Abaixei a cabeça. Nenhuma surpresa até aí.

— O que estava pensando, Lorena? – disparou ela – Tem idéia da confusão em que podia ter se metido?

— Eu sei – murmurei – Era pra ser uma brincadeira, eu acho. Foi idiotice da nossa parte. A gente não pensou direito.

Minha mãe inspirou fundo. Não parecia muito aborrecida, só cansada, o que já era uma melhora.

— A diretora me disse que você não vai perder sua bolsa – falou – Mas você vai precisar andar na linha de agora em diante, filha.

— Eu vou – assegurei – Prometo. Você me conhece, mãe. Sabe que eu não sou de fazer essas coisas.

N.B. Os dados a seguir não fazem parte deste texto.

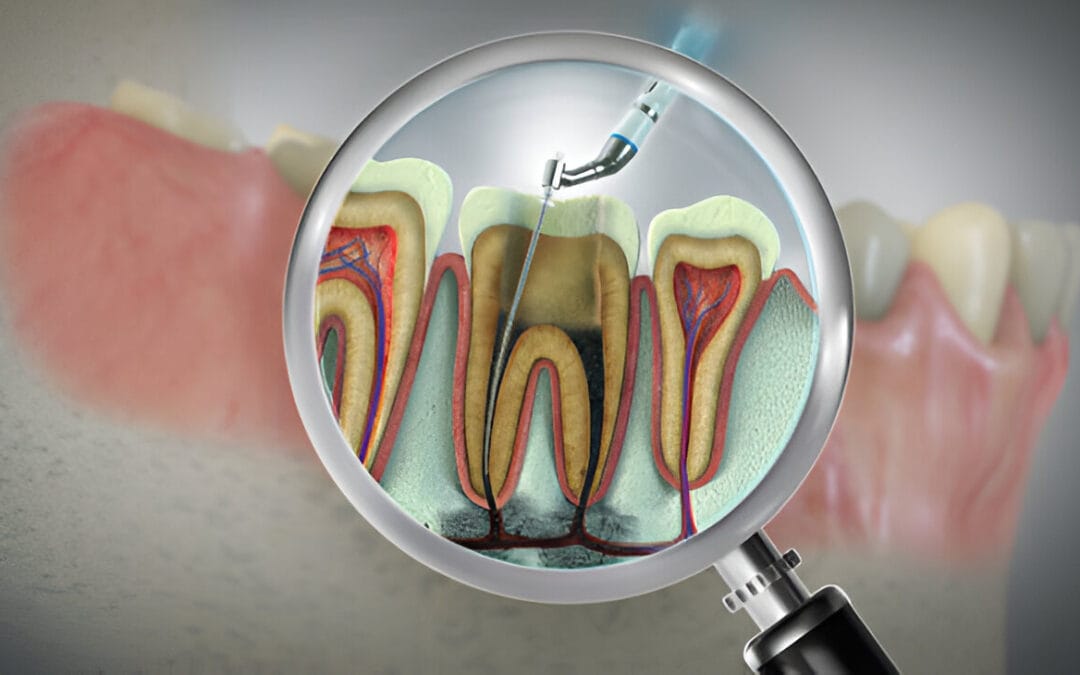 Root Canals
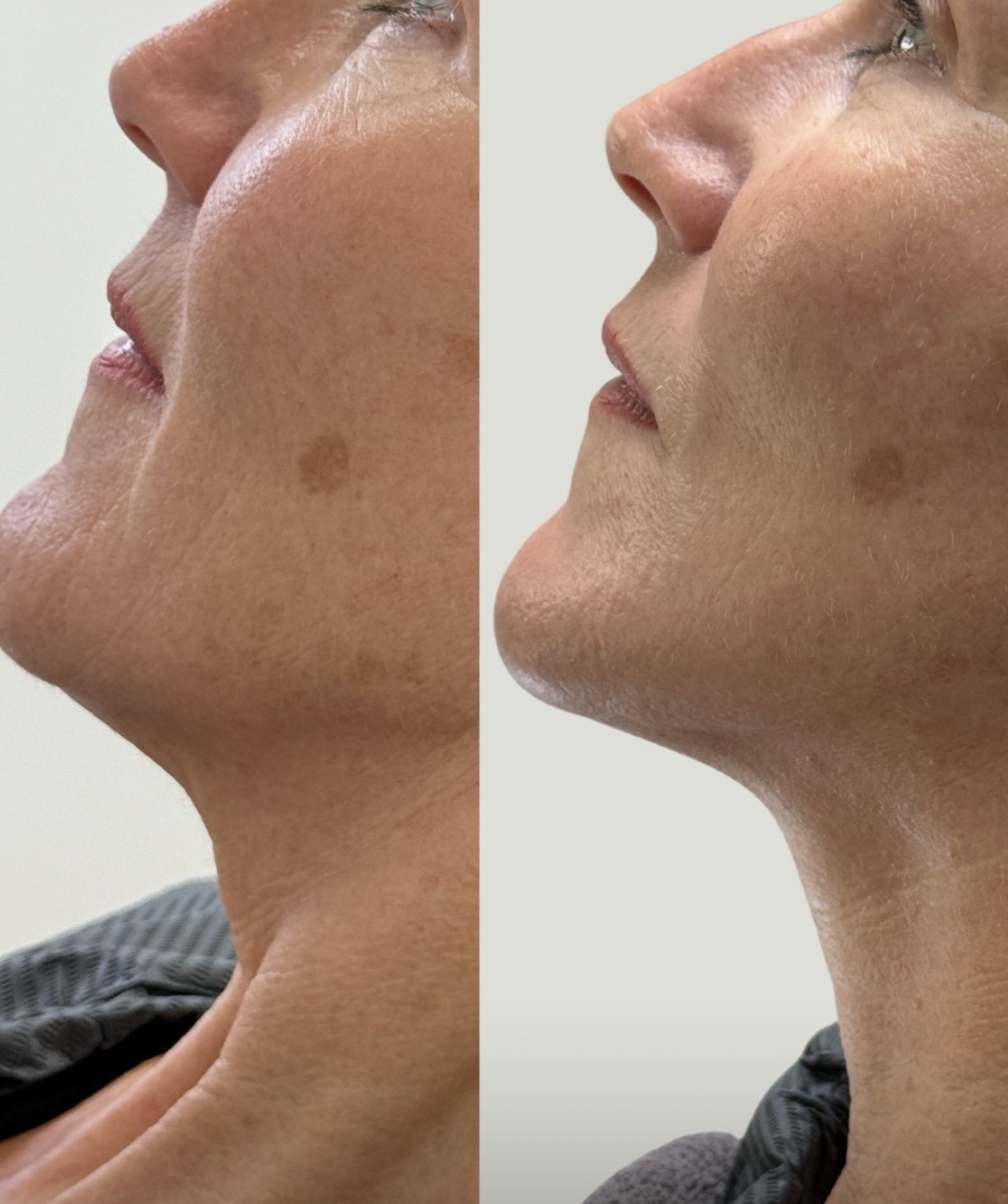 HIFU Neck result — chin and neck contour before and after
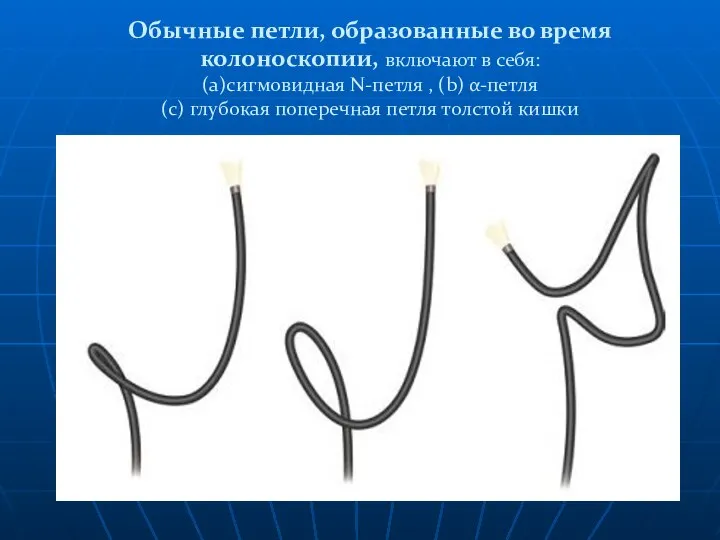 Обычные петли, образованные во время колоноскопии, включают в себя: (а)сигмовидная N-петля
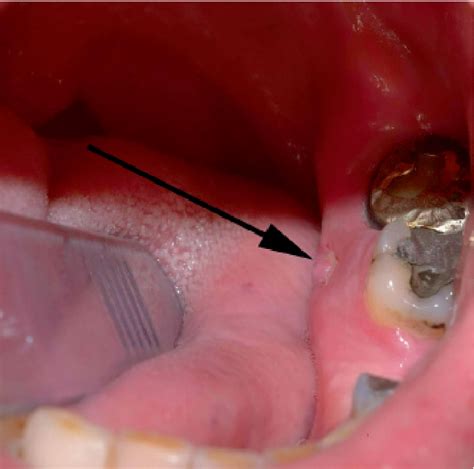 Figure 1 from Osteonecrosis of the Jaw after a Single Bisphosphonate Infusion in a Patient with ...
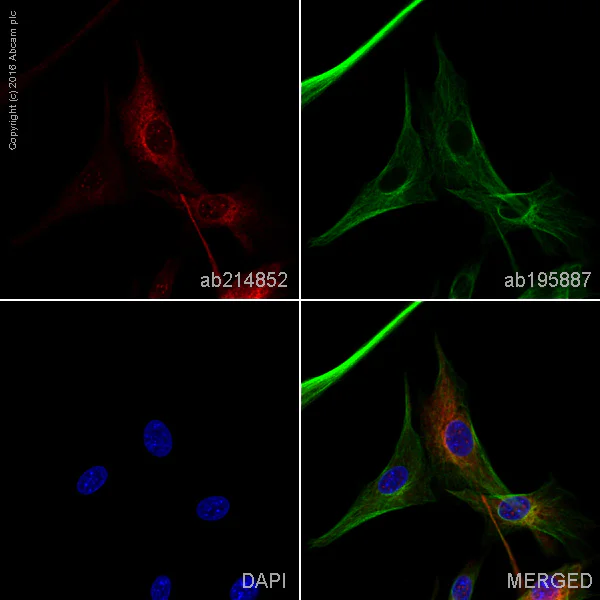 Immunocytochemistry/ Immunofluorescence - Alexa Fluor® 594 Anti-DARPP32 antibody [EP721Y] (AB214852)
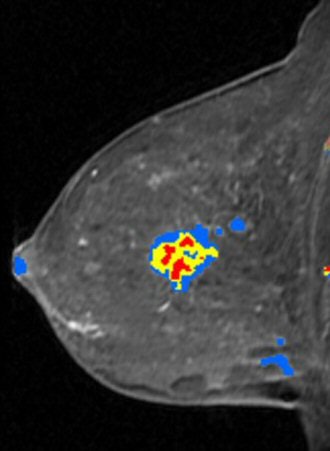 2008 04 08 10 51 21 706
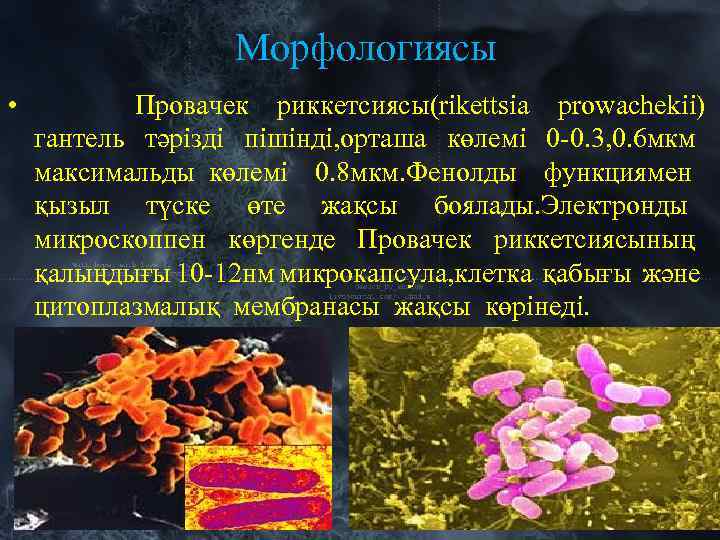 Морфологиясы • Провачек риккетсиясы(rikettsia prowachekii) гантель тәрізді пішінді, орташа көлемі 0 -0. 3, 0.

— Eu sei. Por isso fiquei tão surpresa quando sua diretora ligou – ela inspirou, colocando a mão sobre a minha – Você é jovem. Tem direito a algumas loucuras, a testar seus limites. Eu mesma não era nenhuma santa quando tinha a sua idade. Por isso não culpo você. Mas você precisa começar a pensar nas conseqüências das suas próprias ações, minha filha.

Assenti com a cabeça, sem coragem de dizer mais nada.

Minha mãe levantou, curvando-se para beijar o alto da minha cabeça.

— Sabe que eu te amo – sussurrou – Eu morreria se algo de mal acontecesse a você. Só quero que tome cuidado.

— Eu sei – sussurrei – Desculpa.

Minha mãe deu um sorrisinho, iluminando seus olhos.

— Está desculpada – disse – Mas a senhorita não pense que vai passar esses três dias na folga, assistindo séries no seu quarto. Vou garantir que fique bastante ocupada.

Suspirei. Até que era um castigo leve, considerando tudo.

— Começando agora – disse minha mãe, me estendendo dois sacos pretos – Pode levar o lixo pra fora.

Resignada, peguei os sacos e fui até o quintal. Mal eu pisara no gramado, escutei o som de gritos vindo da casa ao lado.

— Esse moleque é uma desgraça! — bradou uma irada voz masculina.

— Querido, seus nervos...

— Cala a boca, vagabunda! Não to falando com você.

Houve o alarmante som de algo se chocando contra a parede e se quebrando.

— Um dia, moleque, você ainda vai me matar. E aí você vai ficar feliz, não é? Seu mimadinho de merda!

 Eu não pude ouvir mais. Larguei o lixo na calçada e entrei em casa, me encostando contra a porta.

Era assim quase toda noite. Toda manhã, na escola, eu pensava em falar com Eric e perguntar como ele estava, mas nunca fiz. Ele parecia fechado a qualquer aproximação.

Respirei fundo, querendo esquecer tudo daquele dia maluco.

A imagem da Sofia lendo aqueles pergaminhos naquela língua estranha invadiu minha mente. Que diabos fora aquilo, afinal?

De qualquer forma, pensei, era passado. Eu podia continuar a minha vida normal.

Erro meu. Eu ainda não sabia na hora, mas minha vida já tinha mudado pra sempre.